Output each record below exactly as it stands, leaving out the pictures.

· · · · ·

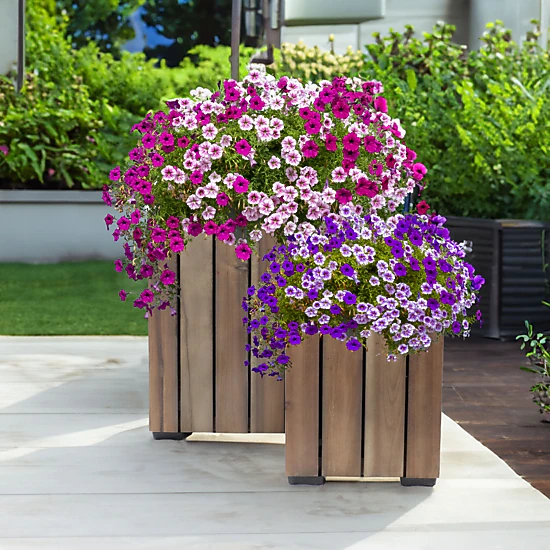 Sunnydaze 2-Piece Square Wood Planter Box with Liner, Color: Anthracite ...
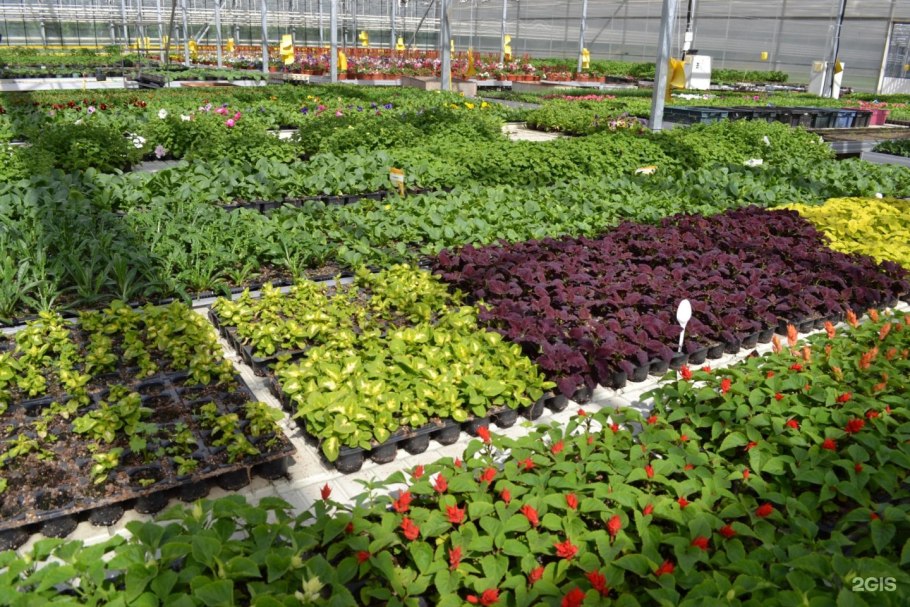 Завьяловский тепличный комбинат рассада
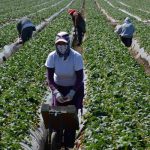 Braccianti stranieri tra nero e fuga dai campi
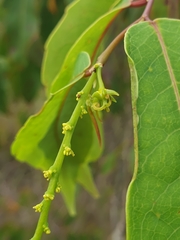 Sclerocroton melanostictus image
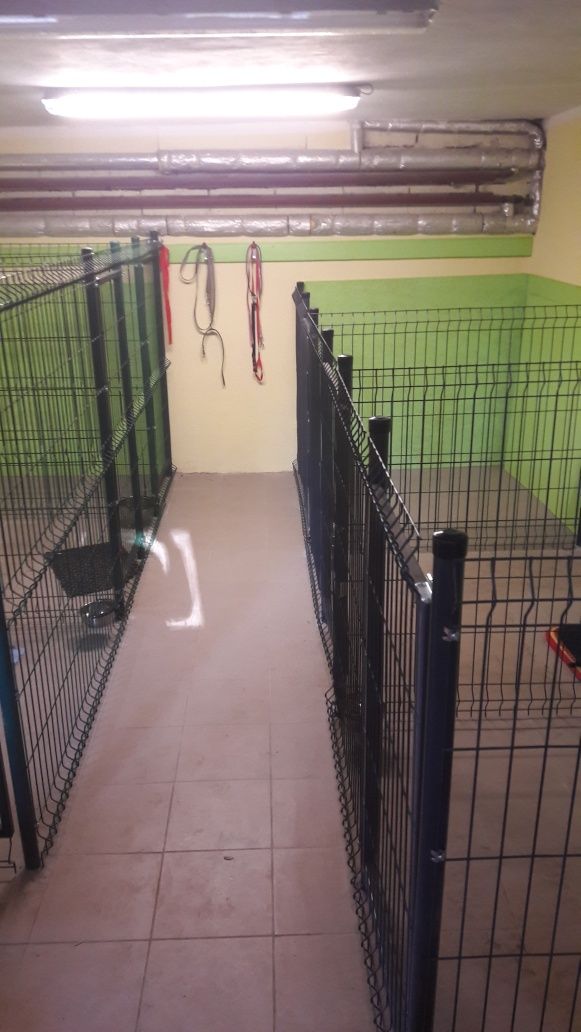 Hotel dla Psów opieka świeta/Wakacje/codzienna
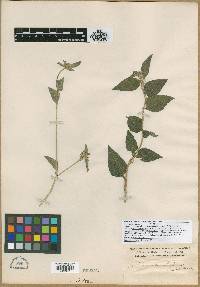 Image of Sclerocarpus baranquillae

· · · · ·

» RESPONSE FOR THIS EXERCISE
 Sunnydaze 2-Piece Square Wood Planter Box with Liner, Color: Anthracite ...
 Завьяловский тепличный комбинат рассада
 Braccianti stranieri tra nero e fuga dai campi
 Sclerocroton melanostictus image
 Hotel dla Psów opieka świeta/Wakacje/codzienna
 Image of Sclerocarpus baranquillae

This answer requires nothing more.